Saved data entries:
—————

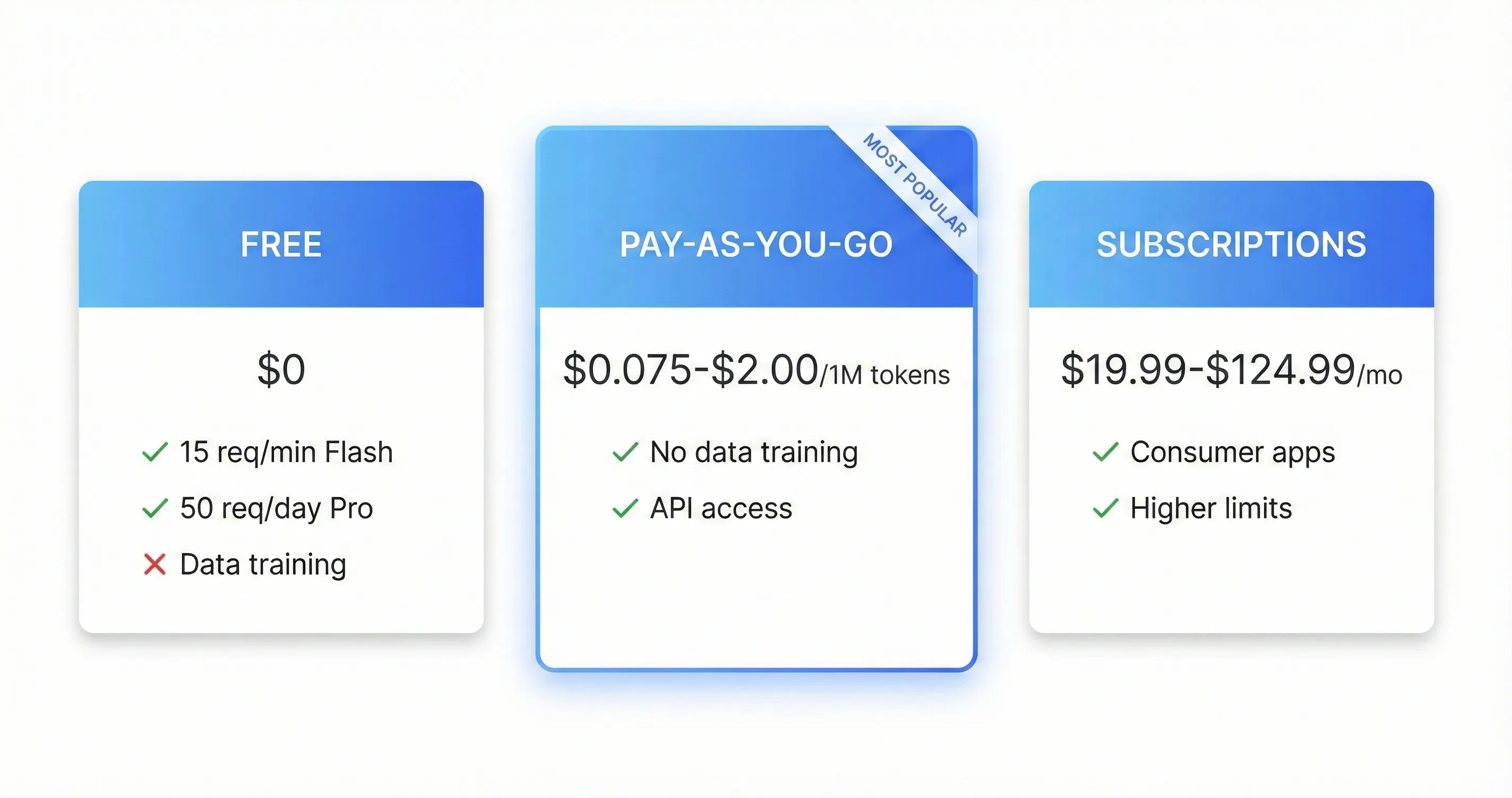Google AI Studio pricing comparison showing free tier, API pricing, and subscription options
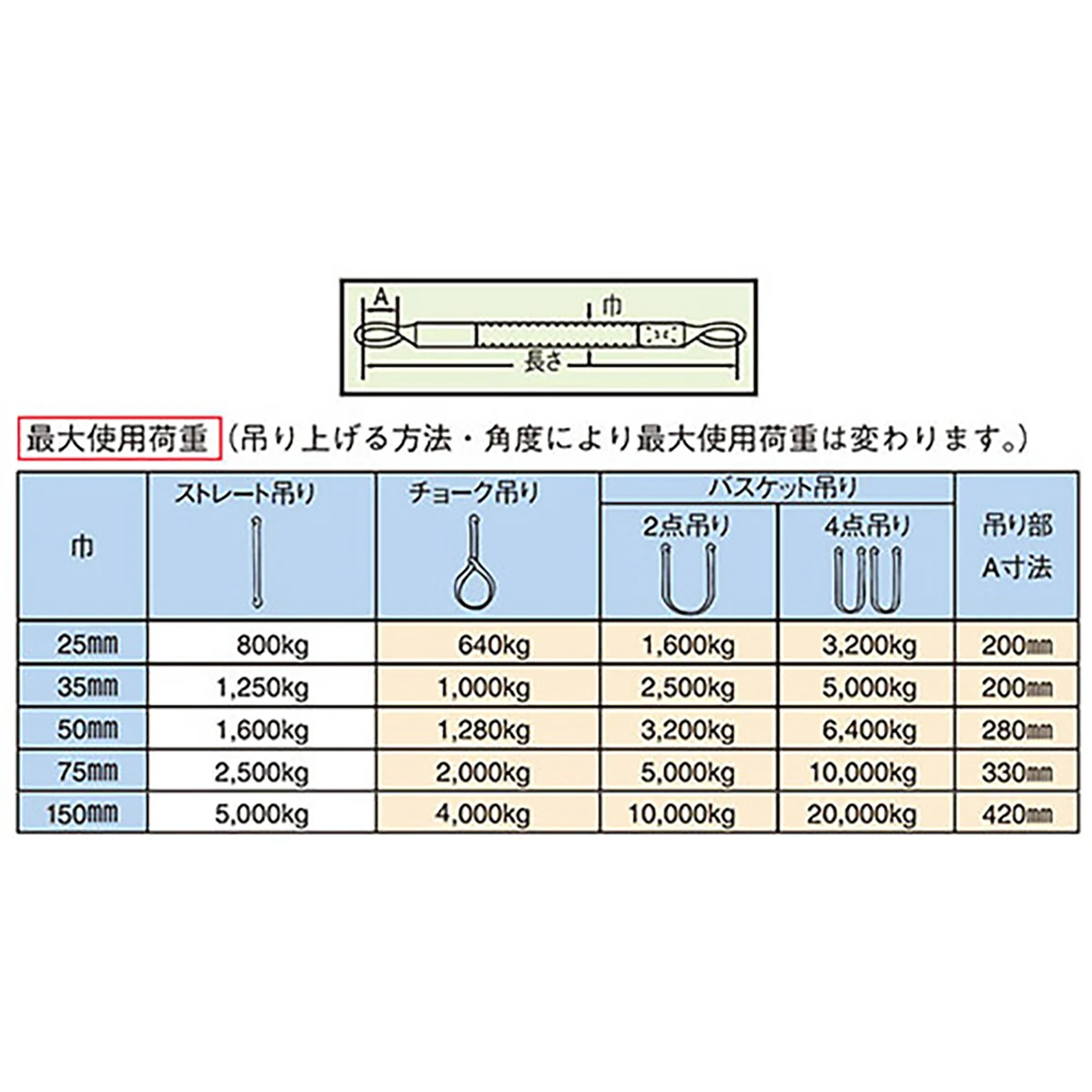 ポリベルトスリング JIS III級 巾35mm 2.5m 1本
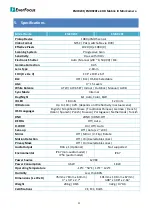 Preview for 15 page of EverFocus EMC920F Series User Manual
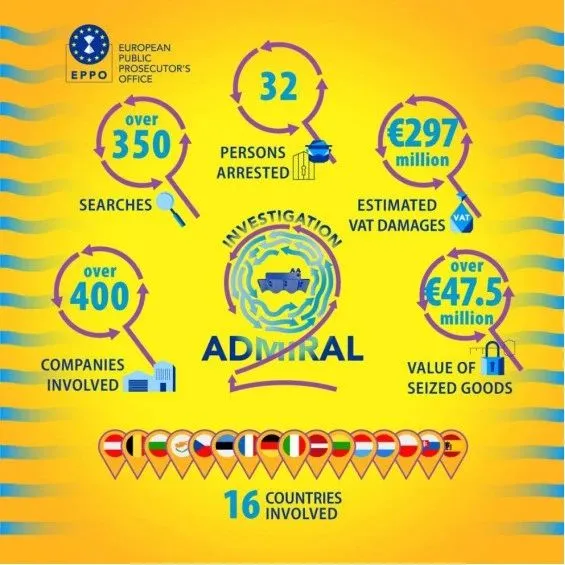 400家公司被曝VAT欺诈，涉案金额高达22亿！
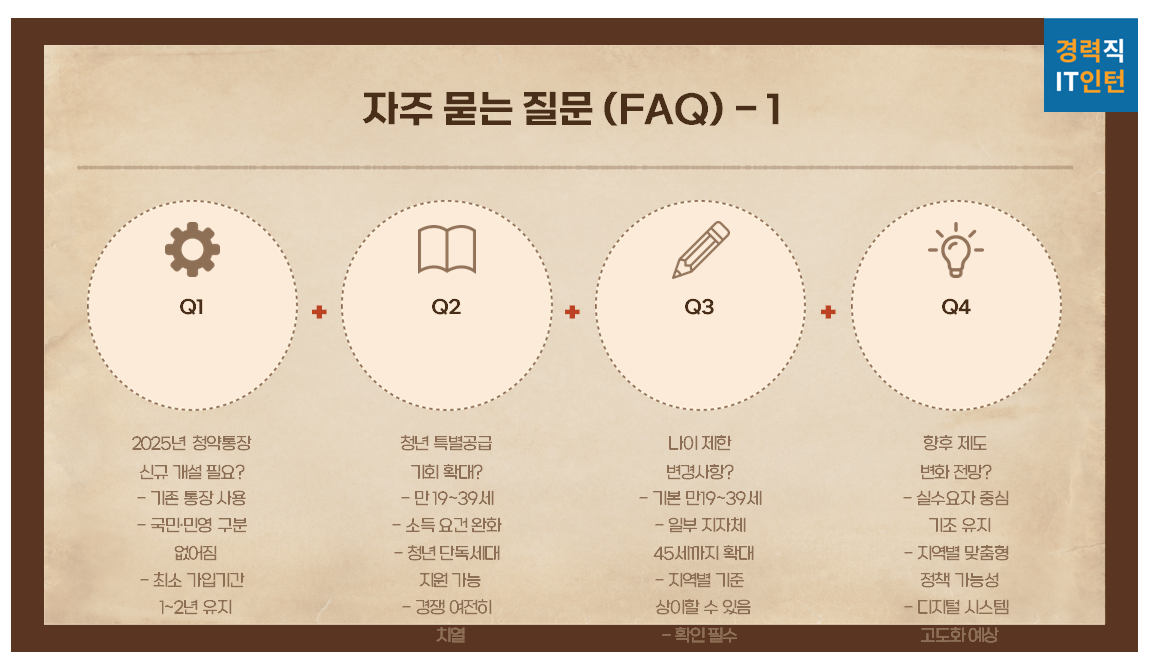 2025 청약&amp;#44; 어떻게 신청해야 할까? (신청 절차 대폭 간소화)2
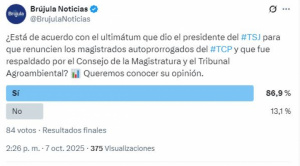 Sondeo revela respaldo ciudadano a la denuncia del TSJ contra magistrados que se prorrogaron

—————

> What the task requires
For this exercise, transcribe the entries verbatim and skip all pictures.

> Result for this exercise
Google AI Studio pricing comparison showing free tier, API pricing, and subscription options
 ポリベルトスリング JIS III級 巾35mm 2.5m 1本
 Preview for 15 page of EverFocus EMC920F Series User Manual
 400家公司被曝VAT欺诈，涉案金额高达22亿！
 2025 청약&amp;#44; 어떻게 신청해야 할까? (신청 절차 대폭 간소화)2
 Sondeo revela respaldo ciudadano a la denuncia del TSJ contra magistrados que se prorrogaron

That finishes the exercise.